Image for article titled Rimac's Plan For A $238 Million Factory Started With A Castle
Photo: Rimac Automobili

The proposed Rimac factory, and the current one, is a big deal: “When there is a foreign visit, some kind of high-level state visit, they go to the government and they bring them to our company. Even now when there is no campus. What can they show them? We are the showcase of the industry, of the country. So it’s going to have a much bigger impact on students and universities, visitors, and the general profile of Croatia.”

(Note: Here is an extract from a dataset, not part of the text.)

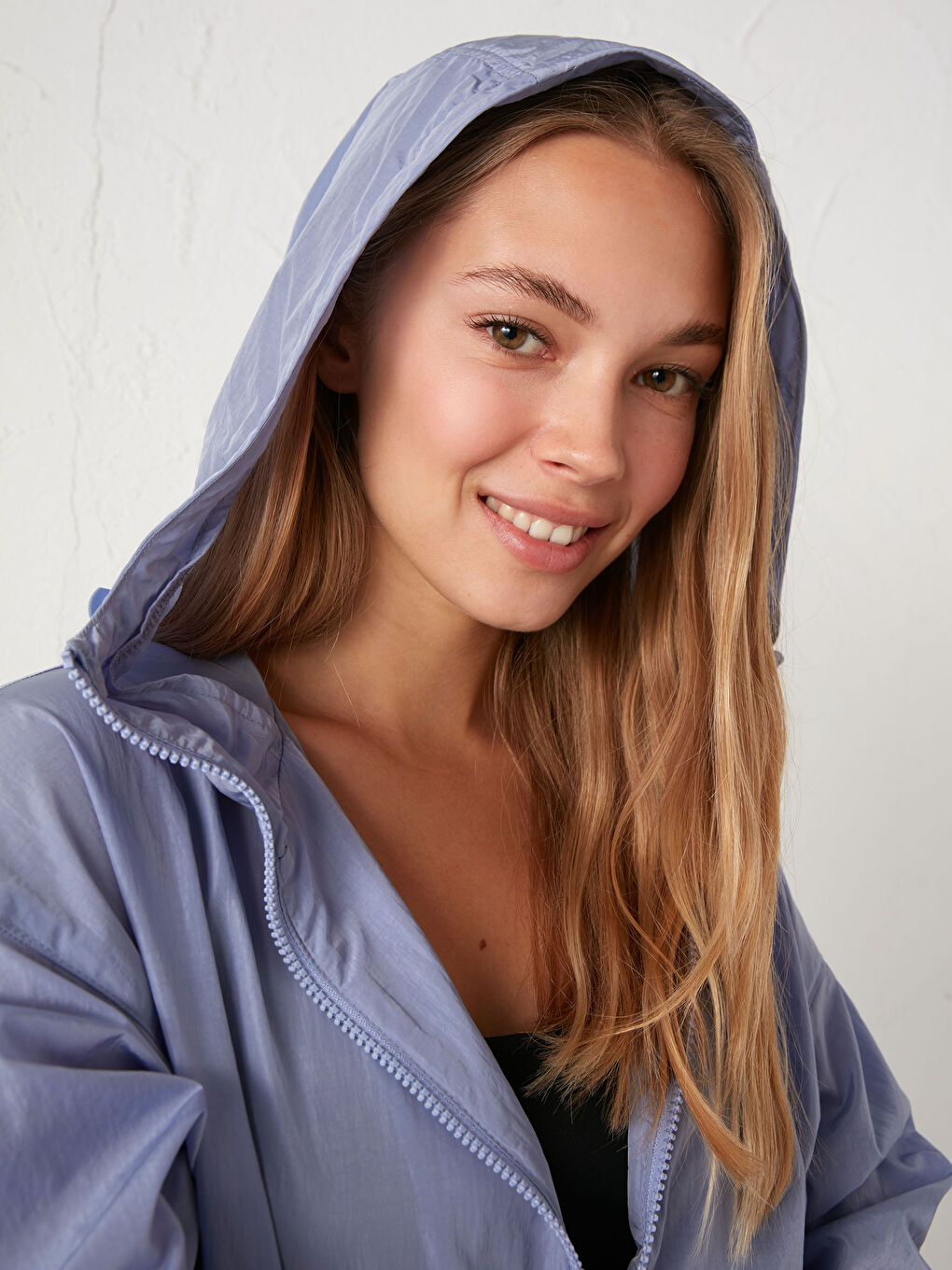 Lightweight Raincoat with Hood-4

Image for article titled Rimac's Plan For A $238 Million Factory Started With A Castle
Photo: Rimac Automobili

Rimac didn’t know this was where his company would be 10 years ago, but he did have hope: “There’s a Facebook status I wrote eight years ago in 2012 or ‘13. I was passing by this 15th century castle on my bicycle. I said, ‘I have this crazy dream, which doesn’t make any sense, and probably the chances of making it happen is zero percent. But why not build the production facility next to the castle and have a few offices in the castle and stuff like that?’ I didn’t think we would grow to such a level like we are today. But that same idea kept in my mind and we continued to work on it. So now this is the campus project.”

Though the castle no longer officially factors into the company’s ground plan for the HQ, the land behind this supposed castle is the area where Rimac is indeed now making its new home. That crazy dream kind of came true, and now Rimac will have the castle to look at during lunch breaks.